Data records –

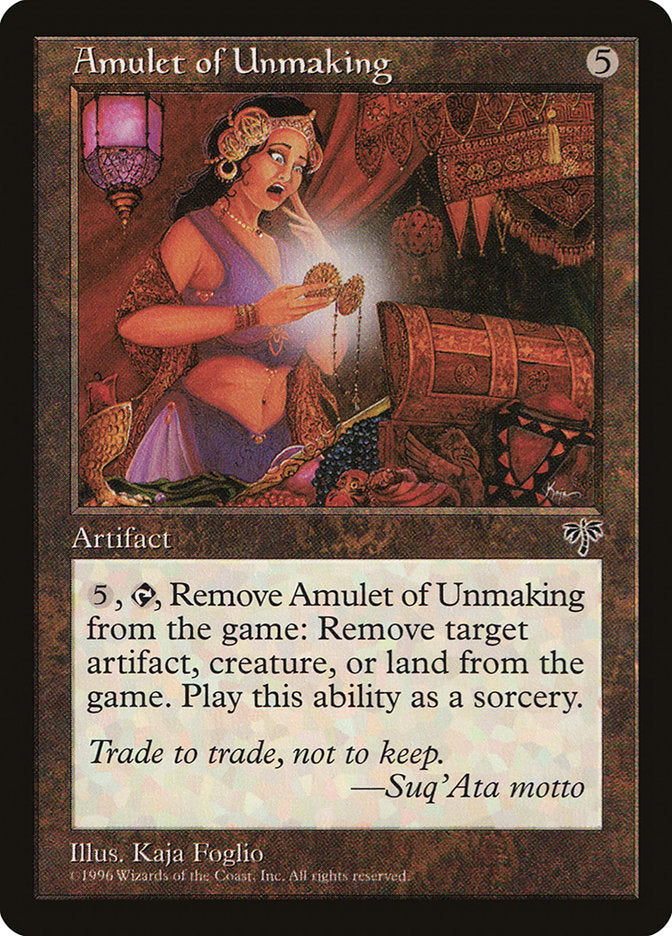 Amulet of Unmaking [Mirage] | Kessel Run Games Inc. 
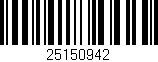 Código de barras (EAN, GTIN, SKU, ISBN): '25150942'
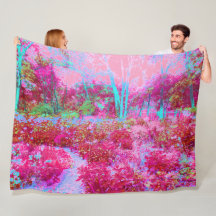 Impressionistische Landschaft Rot und Rosa Garten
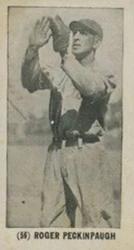 Game Backs Strip 56 Roger Peckinpaugh #W502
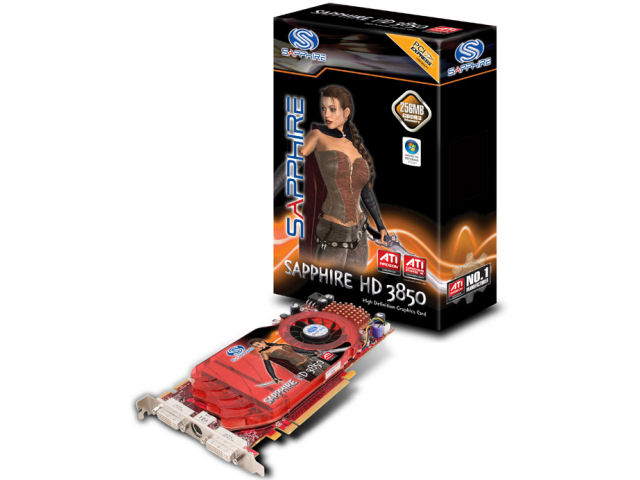 SAPPHIRE RADEON HD 3850 256MB GDDR3 PCIE (PCIExp 256MB) �̐��i�摜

WORK ORDER – Print the records exactly, every one. Leave out the pictures.

EXERCISE RESPONSE –
 Amulet of Unmaking [Mirage] | Kessel Run Games Inc. 
 Código de barras (EAN, GTIN, SKU, ISBN): '25150942'
 Impressionistische Landschaft Rot und Rosa Garten
 Game Backs Strip 56 Roger Peckinpaugh #W502
 SAPPHIRE RADEON HD 3850 256MB GDDR3 PCIE (PCIExp 256MB) �̐��i�摜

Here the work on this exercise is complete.